03 October 2014

For Molave


If there is a way I could do to stop your pain and suffering….

… a way to fight your battle, I’d take the cudgels
… a way to find what you’ve lost, I’d climb the mountains and  cross the seas
… a way to believe in happiness after the storm, I’d make the choice for you

But, I am not you. 

It is not my battle to win,
It is not my quest to claim,
It is not my silent storm to calm.

Only you can fight it.
If you’ve given up for yourself,
At least please do not give up for me,
If I cannot fight this war on your behalf, 
Then, let me fight it with you.
For I am your daughter after all,
The one you call “the strong one”,
Now, let me believe that this is still true. 
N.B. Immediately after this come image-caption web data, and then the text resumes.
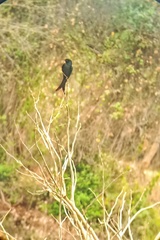 Dicrurus macrocercus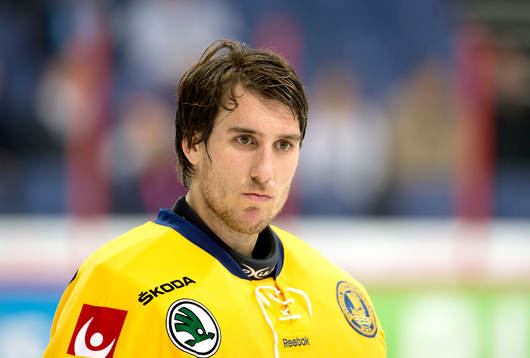 Sveriges målvakt Henrik Karlsson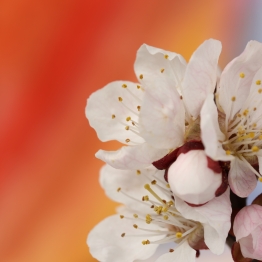 Ольга Чёрная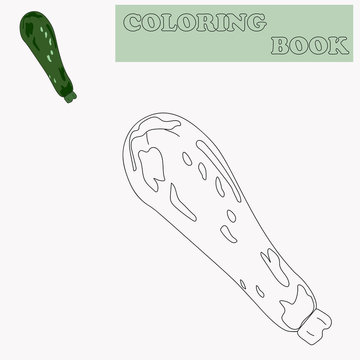 Coloring book or page cartoon of zucchini squash for kids. Cute colorful veggies as an example for coloring book. Practice worksheet for preschool and kindergarten. Vector illustration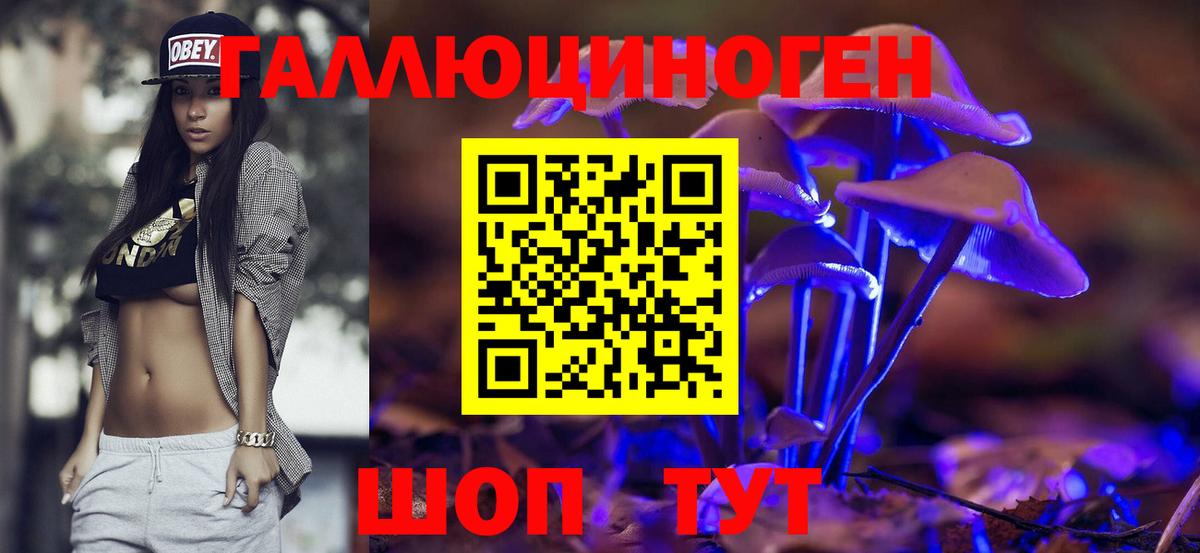 Галлюциногенные грибы GOLDEN TEACHER Искитим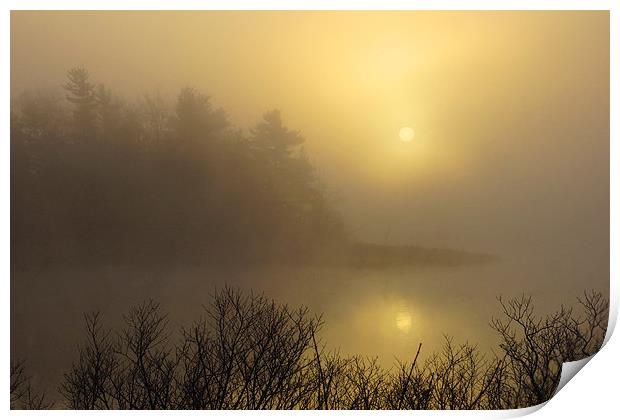  Misty Dawn Print by Shaun White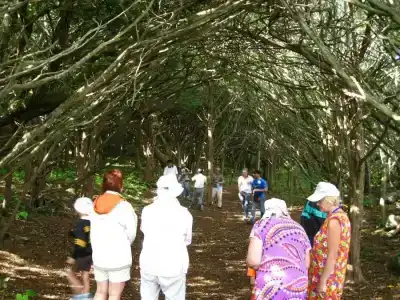 Snitko. camp - 8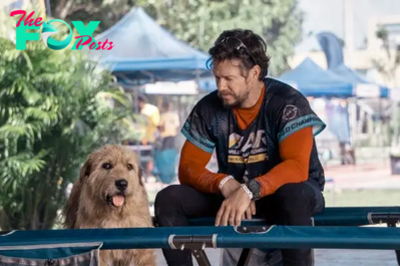 Box Office: Mark Wahlberg ‘Arthur the King’ In Dog House 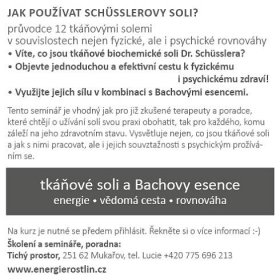 tkanove soli dr Schuesslera- 12 zakladnich v souvislostech_popis_Energie rostlin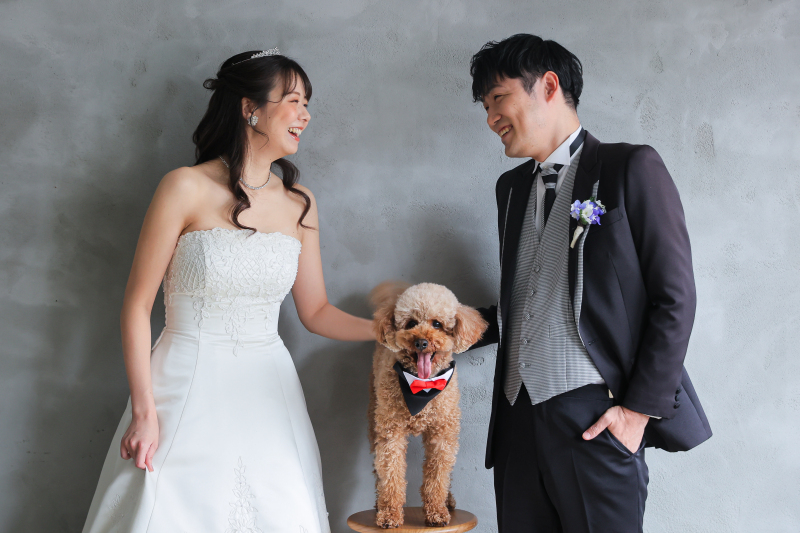 ワンちゃん登場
Image source:  hbcubuzz.com





21 February 2014

Limitations



I feel like an orphan.   

Source:  Faruk Koksal
Recently, I underwent a major operation and felt scared in my life.  This is a rare case as I am reputed for my strong sense of independence since younger years and it confuses me why I feel this way.  I wanted my family close by but this did not happen. I just want to vent my sadness and disappointment on dear people I cannot rely on.  Dear people who fail you most of the time and won’t even take a chance or make an effort to be with you to tell you, in your face, that all will be well.  I guess, I over-rated myself in terms of importance for the nth time.







23 January 2014

Life matters if...



A portrait of Woolf by Roger Fry

For quite some time, I’ve been dreaming living the life of Virginia Woolf, this is my secret.  I always wanted to spend my days in daze then in a second writing feverishly, if not, furiously.  I would just float away in my own world where I can just make it into my own, how it works, how it looks like, and how events would transpire and explain it in my own terms.  I fear of dying of boredom doing something that does not make me happy.  I understand, this is not how conventional wisdom flows.

Is this the life that I want for myself?  A life lived on other people’s expectations and daily rot.  My poor idealistic self is again staring at me, asking me “What do you live for?”  I have an automated response to this question, of course, for my kids, for my husband, my family, but never for myself.  I may sound selfish as I say this but I am very certain that I am not.   

First, we need to live for ourselves before we could go on conquering the world.  To attain that level of self-recognition, you must define yourself, aspirations, fears, and all.  Simply put, you need to know what makes you feel great, the type of feel-great that makes the hair at the back of your neck stand.  You need to pursue your passion, if you don’t know it yet, then you must take time to search it.  This is the essence of a life well lived.  One can only live for others unless she lives for herself first.  This is now my answer.